:: WORKING DATA ::

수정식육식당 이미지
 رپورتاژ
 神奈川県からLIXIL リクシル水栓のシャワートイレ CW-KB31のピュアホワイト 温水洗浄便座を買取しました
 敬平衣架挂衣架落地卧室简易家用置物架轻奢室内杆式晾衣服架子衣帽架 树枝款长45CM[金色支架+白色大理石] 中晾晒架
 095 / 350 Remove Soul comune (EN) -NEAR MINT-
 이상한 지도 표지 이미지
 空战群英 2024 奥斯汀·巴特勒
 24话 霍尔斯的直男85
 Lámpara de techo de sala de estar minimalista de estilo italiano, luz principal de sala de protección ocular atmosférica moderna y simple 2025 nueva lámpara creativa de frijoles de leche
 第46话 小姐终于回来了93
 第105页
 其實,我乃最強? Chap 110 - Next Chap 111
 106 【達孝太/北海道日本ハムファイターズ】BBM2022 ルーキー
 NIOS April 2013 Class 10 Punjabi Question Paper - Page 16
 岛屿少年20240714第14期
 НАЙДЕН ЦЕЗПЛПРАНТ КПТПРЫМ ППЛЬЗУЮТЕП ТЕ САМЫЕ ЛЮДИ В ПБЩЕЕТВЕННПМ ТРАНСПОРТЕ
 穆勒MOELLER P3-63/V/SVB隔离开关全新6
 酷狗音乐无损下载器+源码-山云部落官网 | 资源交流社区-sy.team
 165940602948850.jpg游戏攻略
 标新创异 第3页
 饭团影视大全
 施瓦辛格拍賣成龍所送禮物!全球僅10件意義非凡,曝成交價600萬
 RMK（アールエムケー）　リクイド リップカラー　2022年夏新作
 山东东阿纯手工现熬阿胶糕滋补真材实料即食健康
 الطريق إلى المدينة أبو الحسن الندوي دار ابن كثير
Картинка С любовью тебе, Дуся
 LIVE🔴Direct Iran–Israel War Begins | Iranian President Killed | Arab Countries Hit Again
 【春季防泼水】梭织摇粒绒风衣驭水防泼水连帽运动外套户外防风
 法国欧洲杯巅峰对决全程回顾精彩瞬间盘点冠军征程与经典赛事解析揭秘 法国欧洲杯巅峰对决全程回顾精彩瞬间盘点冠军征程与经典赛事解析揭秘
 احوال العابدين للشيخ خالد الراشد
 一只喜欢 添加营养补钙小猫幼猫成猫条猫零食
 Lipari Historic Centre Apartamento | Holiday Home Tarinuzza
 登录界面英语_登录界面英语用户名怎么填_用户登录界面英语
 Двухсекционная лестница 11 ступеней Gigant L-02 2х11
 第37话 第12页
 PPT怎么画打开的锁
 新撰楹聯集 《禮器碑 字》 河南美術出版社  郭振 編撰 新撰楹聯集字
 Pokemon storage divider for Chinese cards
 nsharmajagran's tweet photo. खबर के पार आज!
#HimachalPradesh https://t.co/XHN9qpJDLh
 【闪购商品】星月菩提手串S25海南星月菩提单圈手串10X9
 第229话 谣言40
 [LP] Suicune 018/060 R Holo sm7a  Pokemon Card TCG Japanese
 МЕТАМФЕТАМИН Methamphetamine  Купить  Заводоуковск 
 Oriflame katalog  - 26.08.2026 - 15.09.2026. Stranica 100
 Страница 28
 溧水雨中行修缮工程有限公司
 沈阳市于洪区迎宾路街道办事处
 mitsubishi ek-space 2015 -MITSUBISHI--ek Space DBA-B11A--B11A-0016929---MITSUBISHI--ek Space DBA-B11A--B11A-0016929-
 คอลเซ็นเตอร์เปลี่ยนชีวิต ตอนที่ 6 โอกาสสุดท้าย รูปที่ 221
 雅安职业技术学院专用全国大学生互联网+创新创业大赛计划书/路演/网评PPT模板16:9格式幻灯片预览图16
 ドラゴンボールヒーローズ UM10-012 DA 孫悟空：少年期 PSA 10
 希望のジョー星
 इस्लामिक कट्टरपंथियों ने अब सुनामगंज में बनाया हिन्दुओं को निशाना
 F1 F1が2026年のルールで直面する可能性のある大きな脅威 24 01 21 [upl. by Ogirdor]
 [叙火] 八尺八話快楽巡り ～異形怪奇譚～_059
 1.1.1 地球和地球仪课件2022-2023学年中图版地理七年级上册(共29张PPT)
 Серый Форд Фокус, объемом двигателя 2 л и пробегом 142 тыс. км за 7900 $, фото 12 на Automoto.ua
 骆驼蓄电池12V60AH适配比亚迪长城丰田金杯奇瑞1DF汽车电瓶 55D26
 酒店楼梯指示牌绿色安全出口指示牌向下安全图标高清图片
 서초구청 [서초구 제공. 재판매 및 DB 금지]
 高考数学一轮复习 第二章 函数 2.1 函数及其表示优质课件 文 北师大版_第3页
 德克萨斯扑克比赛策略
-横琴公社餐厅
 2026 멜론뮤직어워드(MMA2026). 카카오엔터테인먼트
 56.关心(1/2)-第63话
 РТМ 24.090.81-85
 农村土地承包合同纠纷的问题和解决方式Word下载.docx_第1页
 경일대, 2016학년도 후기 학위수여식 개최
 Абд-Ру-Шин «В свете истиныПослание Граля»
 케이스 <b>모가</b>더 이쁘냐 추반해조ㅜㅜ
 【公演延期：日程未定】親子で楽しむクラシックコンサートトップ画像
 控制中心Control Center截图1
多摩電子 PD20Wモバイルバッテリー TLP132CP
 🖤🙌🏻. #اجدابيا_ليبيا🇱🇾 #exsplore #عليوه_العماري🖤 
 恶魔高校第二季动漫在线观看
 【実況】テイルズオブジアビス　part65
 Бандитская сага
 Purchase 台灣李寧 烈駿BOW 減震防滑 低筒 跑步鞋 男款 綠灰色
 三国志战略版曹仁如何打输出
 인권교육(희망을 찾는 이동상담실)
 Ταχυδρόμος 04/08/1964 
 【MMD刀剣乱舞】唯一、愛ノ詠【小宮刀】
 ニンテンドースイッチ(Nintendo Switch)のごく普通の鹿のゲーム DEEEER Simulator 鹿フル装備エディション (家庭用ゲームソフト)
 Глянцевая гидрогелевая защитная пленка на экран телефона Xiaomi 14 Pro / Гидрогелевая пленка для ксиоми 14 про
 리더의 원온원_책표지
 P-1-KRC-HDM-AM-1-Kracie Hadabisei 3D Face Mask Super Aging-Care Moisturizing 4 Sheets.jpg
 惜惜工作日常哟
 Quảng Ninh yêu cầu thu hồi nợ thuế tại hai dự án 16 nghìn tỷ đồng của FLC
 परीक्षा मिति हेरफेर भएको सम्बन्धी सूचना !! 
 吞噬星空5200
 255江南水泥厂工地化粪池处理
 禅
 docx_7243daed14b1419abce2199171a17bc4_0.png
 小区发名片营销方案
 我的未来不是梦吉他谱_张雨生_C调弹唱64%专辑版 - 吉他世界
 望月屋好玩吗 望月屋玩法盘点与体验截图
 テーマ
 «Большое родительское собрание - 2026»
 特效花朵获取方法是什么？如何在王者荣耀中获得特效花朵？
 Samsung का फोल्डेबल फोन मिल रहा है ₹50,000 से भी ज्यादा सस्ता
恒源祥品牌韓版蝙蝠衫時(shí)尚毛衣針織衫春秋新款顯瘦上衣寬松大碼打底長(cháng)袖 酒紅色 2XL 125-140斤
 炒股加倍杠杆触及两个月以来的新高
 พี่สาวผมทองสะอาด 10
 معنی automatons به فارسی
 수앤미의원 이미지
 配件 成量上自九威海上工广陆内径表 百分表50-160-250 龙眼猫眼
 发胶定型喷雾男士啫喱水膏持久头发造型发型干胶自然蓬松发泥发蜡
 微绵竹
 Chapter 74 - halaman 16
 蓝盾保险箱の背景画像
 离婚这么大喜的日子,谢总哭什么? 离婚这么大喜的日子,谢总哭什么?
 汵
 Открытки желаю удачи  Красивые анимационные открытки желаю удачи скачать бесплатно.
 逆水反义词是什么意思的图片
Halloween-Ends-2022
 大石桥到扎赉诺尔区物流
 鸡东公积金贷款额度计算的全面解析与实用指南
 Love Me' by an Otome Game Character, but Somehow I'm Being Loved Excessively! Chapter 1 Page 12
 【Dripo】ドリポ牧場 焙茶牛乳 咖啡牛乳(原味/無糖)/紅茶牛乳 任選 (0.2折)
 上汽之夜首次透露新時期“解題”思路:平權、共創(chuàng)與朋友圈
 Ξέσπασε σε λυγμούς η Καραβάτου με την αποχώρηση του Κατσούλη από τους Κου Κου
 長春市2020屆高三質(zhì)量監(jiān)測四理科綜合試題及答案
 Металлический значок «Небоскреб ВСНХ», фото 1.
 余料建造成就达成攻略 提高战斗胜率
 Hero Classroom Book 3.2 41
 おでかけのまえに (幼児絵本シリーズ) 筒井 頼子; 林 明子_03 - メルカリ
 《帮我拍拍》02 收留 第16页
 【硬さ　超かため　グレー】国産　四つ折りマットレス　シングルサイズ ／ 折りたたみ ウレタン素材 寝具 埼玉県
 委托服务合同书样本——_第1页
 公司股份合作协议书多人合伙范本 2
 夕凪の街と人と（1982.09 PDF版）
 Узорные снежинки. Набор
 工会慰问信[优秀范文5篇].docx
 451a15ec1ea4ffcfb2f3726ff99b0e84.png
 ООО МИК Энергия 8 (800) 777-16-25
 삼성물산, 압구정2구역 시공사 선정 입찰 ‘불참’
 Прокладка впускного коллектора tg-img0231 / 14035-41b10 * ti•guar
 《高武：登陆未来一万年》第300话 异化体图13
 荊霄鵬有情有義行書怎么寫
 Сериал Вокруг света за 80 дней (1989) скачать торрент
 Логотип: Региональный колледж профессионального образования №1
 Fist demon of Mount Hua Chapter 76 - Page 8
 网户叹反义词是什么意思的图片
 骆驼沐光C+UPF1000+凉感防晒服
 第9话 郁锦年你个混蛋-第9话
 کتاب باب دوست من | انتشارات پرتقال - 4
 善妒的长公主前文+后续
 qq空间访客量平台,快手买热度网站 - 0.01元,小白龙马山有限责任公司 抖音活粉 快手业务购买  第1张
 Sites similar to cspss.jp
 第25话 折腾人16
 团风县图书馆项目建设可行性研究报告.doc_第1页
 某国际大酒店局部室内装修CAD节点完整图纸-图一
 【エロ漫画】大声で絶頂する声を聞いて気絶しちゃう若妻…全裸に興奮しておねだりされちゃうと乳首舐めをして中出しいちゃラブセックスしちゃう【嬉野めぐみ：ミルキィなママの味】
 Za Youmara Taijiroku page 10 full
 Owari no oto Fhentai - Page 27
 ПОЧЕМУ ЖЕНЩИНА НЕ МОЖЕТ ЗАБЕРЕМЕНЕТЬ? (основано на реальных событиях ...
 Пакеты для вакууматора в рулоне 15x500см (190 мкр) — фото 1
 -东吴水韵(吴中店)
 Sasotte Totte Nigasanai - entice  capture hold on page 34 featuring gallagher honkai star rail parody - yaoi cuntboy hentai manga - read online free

:::

## PROBLEM
With the line holding "Purchase 台灣李寧 烈駿BOW 減震防滑 低筒 跑步鞋 男款 綠灰色" as the first and the line holding "望月屋好玩吗 望月屋玩法盘点与体验截图" as the last, please transcribe exactly the lines of the material above in that range and nothing else.

## EXPECTED ANSWER
 Purchase 台灣李寧 烈駿BOW 減震防滑 低筒 跑步鞋 男款 綠灰色
 三国志战略版曹仁如何打输出
 인권교육(희망을 찾는 이동상담실)
 Ταχυδρόμος 04/08/1964 
 【MMD刀剣乱舞】唯一、愛ノ詠【小宮刀】
 ニンテンドースイッチ(Nintendo Switch)のごく普通の鹿のゲーム DEEEER Simulator 鹿フル装備エディション (家庭用ゲームソフト)
 Глянцевая гидрогелевая защитная пленка на экран телефона Xiaomi 14 Pro / Гидрогелевая пленка для ксиоми 14 про
 리더의 원온원_책표지
 P-1-KRC-HDM-AM-1-Kracie Hadabisei 3D Face Mask Super Aging-Care Moisturizing 4 Sheets.jpg
 惜惜工作日常哟
 Quảng Ninh yêu cầu thu hồi nợ thuế tại hai dự án 16 nghìn tỷ đồng của FLC
 परीक्षा मिति हेरफेर भएको सम्बन्धी सूचना !! 
 吞噬星空5200
 255江南水泥厂工地化粪池处理
 禅
 docx_7243daed14b1419abce2199171a17bc4_0.png
 小区发名片营销方案
 我的未来不是梦吉他谱_张雨生_C调弹唱64%专辑版 - 吉他世界
 望月屋好玩吗 望月屋玩法盘点与体验截图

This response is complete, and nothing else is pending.